The first approach doesn't have two sentences
And anyone can make it work.
Is a phrase, as it expresses an incomplete idea.
And is a conjunction, used to join two similar things together (similar ideas, or similar sentence structures).
So you are right to combine the two, because you have only one sentence and a phrase.
It will be the system that anyone can make work.
Is a correct, fully formed sentence. It is clear, but you are right, it isn't a sentence that is natural. That's because of a few reasons.
- You use the word
it before you introduce what it describes. The general rule is describe the item clearly first, then use the word it as a replacement for describing it again.
- You have confused the direct object (the noun receiving the action) with the subject (the noun performing the action.
The first problem is fixed by changing
It will be the system that anyone can make work
The system will be one that anyone can make work
And with this improvement, the second problem becomes easier to notice. "The system" isn't doing anything, but "anyone" is doing something.

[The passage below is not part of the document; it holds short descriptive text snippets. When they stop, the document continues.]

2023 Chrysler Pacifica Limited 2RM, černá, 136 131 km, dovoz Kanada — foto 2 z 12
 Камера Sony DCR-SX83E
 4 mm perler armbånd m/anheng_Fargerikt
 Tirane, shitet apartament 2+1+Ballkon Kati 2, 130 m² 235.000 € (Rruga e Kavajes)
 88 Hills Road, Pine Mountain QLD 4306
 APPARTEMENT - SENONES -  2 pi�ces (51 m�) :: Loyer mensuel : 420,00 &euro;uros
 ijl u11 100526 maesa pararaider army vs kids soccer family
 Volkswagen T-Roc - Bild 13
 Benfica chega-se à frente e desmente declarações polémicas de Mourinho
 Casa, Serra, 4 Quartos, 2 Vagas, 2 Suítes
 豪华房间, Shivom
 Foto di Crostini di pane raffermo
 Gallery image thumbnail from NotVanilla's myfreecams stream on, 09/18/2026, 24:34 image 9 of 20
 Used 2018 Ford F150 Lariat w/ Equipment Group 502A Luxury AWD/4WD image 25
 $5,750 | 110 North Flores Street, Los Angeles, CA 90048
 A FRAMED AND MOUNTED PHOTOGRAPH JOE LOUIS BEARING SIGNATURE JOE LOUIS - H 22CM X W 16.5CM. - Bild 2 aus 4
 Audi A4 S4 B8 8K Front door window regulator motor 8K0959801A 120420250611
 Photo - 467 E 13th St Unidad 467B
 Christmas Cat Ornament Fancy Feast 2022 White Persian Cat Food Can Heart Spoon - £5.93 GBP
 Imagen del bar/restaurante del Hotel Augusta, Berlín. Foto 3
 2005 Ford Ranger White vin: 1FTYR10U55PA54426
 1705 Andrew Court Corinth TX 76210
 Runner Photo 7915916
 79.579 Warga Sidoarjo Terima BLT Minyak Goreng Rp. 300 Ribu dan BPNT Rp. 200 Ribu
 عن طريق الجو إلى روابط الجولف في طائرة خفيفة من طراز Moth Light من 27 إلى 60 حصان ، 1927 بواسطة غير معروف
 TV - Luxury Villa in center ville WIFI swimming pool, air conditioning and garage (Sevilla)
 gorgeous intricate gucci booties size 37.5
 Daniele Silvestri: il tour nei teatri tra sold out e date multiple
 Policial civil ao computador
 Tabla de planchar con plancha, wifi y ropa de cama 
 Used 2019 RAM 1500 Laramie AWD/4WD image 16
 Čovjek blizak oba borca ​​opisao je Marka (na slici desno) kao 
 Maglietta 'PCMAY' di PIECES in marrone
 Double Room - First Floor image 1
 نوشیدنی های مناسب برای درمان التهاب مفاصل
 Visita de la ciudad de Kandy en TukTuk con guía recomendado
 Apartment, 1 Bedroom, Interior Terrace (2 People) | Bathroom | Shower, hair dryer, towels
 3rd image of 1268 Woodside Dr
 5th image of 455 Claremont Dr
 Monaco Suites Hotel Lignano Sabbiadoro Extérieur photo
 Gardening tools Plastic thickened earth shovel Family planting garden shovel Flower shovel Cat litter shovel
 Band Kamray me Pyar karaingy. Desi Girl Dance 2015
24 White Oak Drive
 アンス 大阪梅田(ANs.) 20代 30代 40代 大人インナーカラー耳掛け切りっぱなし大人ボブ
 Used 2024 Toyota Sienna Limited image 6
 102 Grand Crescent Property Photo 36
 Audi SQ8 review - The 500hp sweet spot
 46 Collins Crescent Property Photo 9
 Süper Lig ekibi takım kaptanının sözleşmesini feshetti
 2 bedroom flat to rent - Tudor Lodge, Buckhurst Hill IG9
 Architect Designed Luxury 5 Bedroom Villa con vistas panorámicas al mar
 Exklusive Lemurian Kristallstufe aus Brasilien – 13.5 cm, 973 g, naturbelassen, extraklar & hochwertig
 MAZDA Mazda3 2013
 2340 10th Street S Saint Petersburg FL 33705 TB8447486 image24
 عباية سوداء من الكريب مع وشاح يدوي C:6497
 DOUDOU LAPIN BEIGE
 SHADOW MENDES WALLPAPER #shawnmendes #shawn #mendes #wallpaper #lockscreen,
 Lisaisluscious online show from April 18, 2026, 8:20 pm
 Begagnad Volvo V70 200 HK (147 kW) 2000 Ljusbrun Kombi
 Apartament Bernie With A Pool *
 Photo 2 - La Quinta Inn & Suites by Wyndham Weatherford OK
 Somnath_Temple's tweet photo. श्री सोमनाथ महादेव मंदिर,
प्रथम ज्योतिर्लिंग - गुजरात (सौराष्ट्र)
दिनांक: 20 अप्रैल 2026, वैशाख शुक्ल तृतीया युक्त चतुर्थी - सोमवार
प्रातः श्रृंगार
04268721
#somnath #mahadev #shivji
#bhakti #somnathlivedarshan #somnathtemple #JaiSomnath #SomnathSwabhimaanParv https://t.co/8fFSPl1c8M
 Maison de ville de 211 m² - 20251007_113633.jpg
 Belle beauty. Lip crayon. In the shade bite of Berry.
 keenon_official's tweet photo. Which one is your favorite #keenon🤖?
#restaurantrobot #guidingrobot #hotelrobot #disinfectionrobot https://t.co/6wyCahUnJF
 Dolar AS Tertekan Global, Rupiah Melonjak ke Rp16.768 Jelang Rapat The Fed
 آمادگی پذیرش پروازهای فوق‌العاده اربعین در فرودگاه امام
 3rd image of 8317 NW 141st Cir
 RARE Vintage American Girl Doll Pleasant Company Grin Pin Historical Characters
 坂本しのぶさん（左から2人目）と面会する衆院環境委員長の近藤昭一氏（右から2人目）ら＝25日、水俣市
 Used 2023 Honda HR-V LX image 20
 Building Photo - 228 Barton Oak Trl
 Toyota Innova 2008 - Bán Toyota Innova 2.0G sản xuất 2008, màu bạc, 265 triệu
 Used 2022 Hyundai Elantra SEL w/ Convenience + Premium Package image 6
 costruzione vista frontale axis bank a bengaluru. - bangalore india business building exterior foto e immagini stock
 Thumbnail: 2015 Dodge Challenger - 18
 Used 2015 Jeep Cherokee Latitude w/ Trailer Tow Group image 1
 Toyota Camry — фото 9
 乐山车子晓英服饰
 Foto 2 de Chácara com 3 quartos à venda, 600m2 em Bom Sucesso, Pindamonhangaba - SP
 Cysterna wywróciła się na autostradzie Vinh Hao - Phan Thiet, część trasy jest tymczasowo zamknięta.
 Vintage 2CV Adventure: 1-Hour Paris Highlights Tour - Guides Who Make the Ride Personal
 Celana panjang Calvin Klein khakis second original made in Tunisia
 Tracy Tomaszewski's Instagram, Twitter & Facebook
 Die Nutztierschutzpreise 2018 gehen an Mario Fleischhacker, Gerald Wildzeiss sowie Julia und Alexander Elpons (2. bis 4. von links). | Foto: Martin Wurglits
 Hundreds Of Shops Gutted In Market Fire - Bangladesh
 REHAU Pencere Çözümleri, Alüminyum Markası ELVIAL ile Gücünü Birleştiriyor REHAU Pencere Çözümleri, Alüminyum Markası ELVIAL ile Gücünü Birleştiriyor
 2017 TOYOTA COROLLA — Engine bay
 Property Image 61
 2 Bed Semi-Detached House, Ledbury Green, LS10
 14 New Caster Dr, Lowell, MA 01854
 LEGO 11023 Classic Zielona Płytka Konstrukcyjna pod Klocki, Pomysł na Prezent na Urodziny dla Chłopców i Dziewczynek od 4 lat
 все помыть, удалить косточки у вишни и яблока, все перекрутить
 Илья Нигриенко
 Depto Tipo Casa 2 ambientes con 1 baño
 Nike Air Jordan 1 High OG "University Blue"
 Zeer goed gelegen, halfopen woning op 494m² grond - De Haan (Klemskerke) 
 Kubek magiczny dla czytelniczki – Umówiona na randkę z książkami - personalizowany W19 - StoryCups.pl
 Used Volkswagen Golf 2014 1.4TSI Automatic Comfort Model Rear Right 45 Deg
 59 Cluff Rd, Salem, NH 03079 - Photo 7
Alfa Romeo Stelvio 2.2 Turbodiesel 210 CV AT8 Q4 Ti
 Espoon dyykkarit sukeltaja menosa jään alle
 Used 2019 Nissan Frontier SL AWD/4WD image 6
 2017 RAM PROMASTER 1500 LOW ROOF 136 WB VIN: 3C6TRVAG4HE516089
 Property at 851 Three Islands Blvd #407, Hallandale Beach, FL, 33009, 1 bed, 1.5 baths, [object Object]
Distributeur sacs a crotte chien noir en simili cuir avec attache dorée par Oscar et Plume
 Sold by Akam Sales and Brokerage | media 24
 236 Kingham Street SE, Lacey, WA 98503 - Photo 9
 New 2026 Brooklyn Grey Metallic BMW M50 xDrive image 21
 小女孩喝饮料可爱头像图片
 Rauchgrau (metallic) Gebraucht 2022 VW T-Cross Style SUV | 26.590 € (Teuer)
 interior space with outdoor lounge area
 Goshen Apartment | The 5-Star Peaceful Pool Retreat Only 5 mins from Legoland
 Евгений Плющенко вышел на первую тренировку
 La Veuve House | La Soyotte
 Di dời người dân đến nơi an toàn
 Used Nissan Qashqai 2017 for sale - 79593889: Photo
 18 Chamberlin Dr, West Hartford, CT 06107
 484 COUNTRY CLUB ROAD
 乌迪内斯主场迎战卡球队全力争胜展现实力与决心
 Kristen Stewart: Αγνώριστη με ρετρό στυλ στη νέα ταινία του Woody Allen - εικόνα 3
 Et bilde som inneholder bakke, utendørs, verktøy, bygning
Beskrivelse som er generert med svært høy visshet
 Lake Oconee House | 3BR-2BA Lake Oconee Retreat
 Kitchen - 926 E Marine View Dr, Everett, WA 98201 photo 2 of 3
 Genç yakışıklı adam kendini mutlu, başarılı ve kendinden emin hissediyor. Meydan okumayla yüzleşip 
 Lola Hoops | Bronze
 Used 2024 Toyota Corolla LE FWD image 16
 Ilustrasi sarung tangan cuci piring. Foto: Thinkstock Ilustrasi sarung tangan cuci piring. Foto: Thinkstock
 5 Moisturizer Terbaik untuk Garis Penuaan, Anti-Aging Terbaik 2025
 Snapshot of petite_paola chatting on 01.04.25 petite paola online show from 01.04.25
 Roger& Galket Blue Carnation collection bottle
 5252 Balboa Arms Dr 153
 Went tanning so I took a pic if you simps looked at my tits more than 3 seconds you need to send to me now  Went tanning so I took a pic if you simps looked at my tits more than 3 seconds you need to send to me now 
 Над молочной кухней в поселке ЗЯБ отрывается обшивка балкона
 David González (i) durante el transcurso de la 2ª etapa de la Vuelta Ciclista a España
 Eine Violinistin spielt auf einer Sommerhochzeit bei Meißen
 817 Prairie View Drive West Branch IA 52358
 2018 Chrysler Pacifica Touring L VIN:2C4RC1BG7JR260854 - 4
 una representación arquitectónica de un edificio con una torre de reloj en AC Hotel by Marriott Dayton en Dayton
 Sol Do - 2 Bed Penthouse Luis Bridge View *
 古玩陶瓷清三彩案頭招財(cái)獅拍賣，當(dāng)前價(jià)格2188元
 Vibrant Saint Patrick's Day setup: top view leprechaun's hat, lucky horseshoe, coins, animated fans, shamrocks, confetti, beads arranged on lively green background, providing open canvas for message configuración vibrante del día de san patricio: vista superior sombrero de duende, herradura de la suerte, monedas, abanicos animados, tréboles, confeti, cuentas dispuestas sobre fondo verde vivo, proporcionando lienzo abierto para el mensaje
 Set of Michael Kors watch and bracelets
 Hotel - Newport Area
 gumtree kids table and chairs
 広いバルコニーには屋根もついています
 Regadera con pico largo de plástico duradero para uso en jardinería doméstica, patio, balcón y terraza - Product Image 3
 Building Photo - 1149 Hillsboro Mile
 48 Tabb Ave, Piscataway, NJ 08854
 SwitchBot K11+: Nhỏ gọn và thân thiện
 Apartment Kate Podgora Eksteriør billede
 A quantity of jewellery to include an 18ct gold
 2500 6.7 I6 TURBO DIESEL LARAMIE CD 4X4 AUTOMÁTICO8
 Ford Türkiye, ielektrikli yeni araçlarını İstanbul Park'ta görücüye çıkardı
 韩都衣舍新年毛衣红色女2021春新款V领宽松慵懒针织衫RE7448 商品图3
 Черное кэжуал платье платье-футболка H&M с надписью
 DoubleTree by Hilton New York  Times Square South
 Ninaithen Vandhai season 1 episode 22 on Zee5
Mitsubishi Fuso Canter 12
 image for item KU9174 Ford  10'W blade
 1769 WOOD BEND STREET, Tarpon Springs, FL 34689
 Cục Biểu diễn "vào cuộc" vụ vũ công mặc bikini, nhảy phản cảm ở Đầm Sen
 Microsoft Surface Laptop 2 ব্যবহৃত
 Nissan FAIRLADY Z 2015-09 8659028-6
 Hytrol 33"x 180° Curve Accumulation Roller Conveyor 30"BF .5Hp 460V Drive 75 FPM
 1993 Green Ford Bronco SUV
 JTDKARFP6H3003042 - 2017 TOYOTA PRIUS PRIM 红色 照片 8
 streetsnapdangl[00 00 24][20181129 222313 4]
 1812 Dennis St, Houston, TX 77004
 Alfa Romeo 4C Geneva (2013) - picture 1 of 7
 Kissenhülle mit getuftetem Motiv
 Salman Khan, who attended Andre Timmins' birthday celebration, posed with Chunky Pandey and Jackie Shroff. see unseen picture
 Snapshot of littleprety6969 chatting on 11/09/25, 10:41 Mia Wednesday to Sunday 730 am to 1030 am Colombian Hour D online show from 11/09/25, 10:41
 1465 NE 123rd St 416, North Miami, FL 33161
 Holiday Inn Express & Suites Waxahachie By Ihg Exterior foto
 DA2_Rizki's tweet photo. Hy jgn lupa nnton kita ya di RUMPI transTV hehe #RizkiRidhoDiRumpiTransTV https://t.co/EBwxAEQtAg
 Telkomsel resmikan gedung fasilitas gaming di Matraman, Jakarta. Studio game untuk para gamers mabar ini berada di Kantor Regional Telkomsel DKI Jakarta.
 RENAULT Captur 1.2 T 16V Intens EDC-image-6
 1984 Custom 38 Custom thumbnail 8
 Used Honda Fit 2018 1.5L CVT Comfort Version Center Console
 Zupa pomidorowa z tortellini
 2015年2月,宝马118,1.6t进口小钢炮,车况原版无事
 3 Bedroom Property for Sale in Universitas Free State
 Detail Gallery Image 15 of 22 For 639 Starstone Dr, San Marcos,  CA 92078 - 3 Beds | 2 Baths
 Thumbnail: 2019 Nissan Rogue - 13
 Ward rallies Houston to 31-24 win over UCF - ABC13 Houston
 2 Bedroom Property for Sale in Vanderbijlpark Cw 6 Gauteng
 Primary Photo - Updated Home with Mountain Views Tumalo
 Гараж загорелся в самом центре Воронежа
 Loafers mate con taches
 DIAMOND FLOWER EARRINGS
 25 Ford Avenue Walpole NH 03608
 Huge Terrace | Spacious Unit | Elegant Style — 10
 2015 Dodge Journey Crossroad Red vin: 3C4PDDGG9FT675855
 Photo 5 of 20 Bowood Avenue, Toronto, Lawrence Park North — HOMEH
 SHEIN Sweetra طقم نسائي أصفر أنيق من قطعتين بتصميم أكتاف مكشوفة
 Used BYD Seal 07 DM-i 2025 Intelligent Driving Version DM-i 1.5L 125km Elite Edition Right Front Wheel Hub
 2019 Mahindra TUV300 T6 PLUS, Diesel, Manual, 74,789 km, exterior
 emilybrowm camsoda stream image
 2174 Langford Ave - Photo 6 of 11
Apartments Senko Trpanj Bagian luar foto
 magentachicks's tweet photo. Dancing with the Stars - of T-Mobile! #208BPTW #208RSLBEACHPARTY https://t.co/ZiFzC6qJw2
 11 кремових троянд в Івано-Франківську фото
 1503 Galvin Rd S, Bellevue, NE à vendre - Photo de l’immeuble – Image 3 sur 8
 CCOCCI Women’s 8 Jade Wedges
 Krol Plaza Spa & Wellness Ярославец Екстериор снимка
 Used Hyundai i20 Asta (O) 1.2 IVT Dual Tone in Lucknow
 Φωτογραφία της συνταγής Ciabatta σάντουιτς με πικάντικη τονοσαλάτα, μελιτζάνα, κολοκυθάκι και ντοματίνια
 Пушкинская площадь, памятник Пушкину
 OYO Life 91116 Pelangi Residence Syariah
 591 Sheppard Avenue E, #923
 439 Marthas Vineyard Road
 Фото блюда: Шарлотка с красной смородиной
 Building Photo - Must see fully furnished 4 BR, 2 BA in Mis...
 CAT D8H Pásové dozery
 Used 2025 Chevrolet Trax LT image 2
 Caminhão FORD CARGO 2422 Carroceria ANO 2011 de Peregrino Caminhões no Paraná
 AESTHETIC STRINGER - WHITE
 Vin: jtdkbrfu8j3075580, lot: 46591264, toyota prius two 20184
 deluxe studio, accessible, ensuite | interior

This means that "anyone" is the proper subject, not "the system".
Anyone can make the system work.
Which is even better, but "make the system work" is vague. We don't know if they are fixing the system or just using the system to perform work. So the final improvement might be.
Anyone can repair the system.
Anyone can use the system.
Using your verbs to express actions, instead of existence, will help you avoid problems of switching the direct object of a sentence for the subject.